FISHERMEN are claiming they are the ''soft target'' in a proposed network of marine reserves they say will harm their industry while largely leaving alone the more lucrative offshore oil and gas business.
Federal Environment Minister Tony Burke is expected this week to finalise the plan for the marine reserves, which will stretch around Australia and will curb commercial and recreational fishing.
It will create the world's largest marine protection area with a new Coral Sea reserve extending out beyond the Great Barrier Reef. The network will also establish a large protected area off the south-west coast and patchwork reserves in the Great Australian Bight and off the west, north-west and northern coasts.
It is understood Mr Burke is at odds with Resources Minister Martin Ferguson over some aspects of the network. Mr Ferguson recently announced that 27 new areas were up for oil and gas exploration, including some within proposed reserves.
The reserves would offer differing levels of protection, ranging from a ban on commercial fishing and mining, to ''multiple-use zones'' that allow some activities but not others.
Mr Burke said yesterday that no decision had yet been made. But he talked up the proposed reserves as the largest act of conservation in Australia's history. ''We are looking at possibly the most significant individual step in conservation that Australia has seen … ''
He said the world's oceans were underappreciated but that decisions Australia had in front of it ''give us the opportunity to lead the way in turning the corner''.

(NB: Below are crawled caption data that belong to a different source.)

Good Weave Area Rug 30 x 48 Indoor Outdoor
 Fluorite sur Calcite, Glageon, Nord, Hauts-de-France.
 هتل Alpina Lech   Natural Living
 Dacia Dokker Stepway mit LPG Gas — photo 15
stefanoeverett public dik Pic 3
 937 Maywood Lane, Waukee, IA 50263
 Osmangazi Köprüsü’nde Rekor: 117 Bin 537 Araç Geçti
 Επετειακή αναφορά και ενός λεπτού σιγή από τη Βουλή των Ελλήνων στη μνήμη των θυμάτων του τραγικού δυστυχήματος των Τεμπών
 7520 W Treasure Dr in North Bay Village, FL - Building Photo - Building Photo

The ABC published a draft map of the proposed reserves on its website yesterday. Brian Jeffriess, a spokesman for the Commonwealth Fisheries Association, said it would be ''extremely disappointing'' if the map closely resembled the final decision. Fishermen were particularly concerned that a compensation package would come well after the announcement of the final boundaries for the reserves, leaving them in a state of uncertainty for months.
He said it focused unfairly on the fishing industry while leaving promising areas for oil and gas, such as the north-west and the Great Australian Bight, relatively unaffected.
''It exempts oil and gas virtually altogether,'' he said. ''The government clearly takes a position, which to some extent we understand, that energy security is more important as a revenue generator. (We're) certainly the soft target.''
One of the areas Mr Ferguson has approved for oil and gas exploration, just north of the Rowley Shoals coral atolls west of Broome, falls within a ''multiple-use zone'' in the draft, meaning mining could go ahead. This approval, just last month, means that Mr Burke cannot extend the area to a full marine sanctuary, which would ban mining.